** TASK DATA **
--- START ---

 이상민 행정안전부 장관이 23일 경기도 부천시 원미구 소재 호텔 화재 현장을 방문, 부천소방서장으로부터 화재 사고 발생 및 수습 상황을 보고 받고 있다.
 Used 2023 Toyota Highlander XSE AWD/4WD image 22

--- END ---
--- START ---

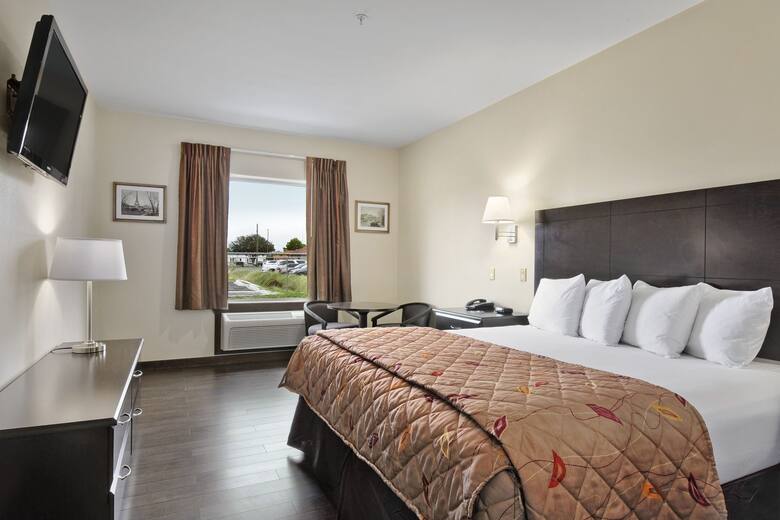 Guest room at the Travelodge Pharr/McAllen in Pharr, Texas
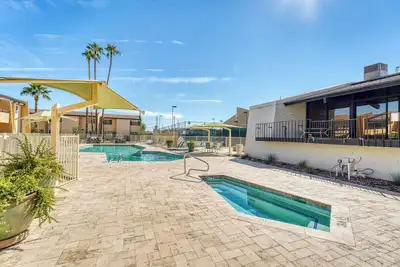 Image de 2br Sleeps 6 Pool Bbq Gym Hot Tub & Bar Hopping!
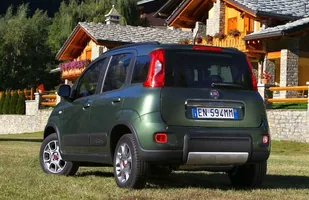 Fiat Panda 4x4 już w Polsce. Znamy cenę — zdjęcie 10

--- END ---
--- START ---

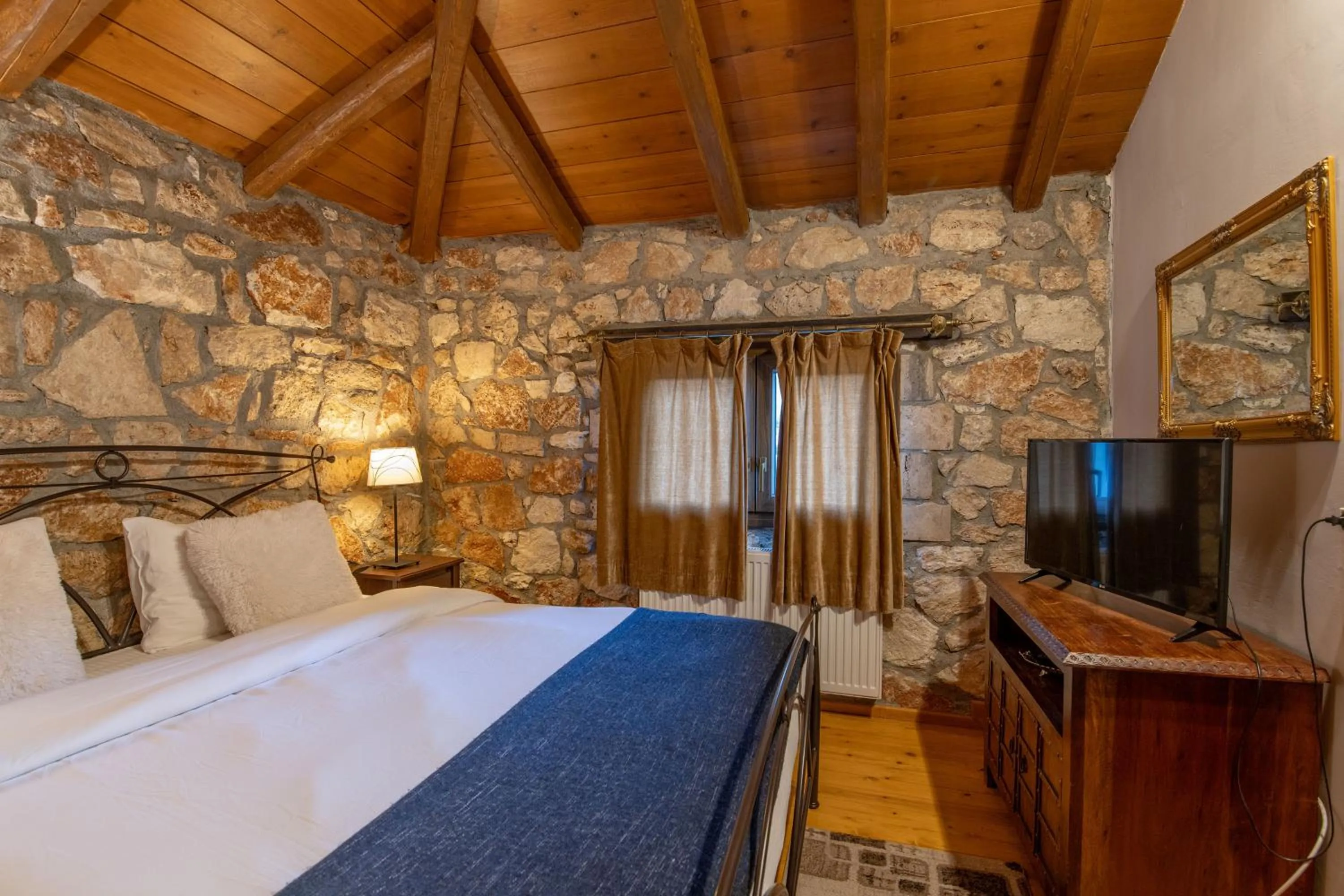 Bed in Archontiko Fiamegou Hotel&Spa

--- END ---

Restate word for word every line from the one with "Image de 2br" up to and including the one with "Fiat Panda 4x4" in the records above, minus the pictures.

** ANSWER FOR THE TASK **
 Image de 2br Sleeps 6 Pool Bbq Gym Hot Tub & Bar Hopping!
 Fiat Panda 4x4 już w Polsce. Znamy cenę — zdjęcie 10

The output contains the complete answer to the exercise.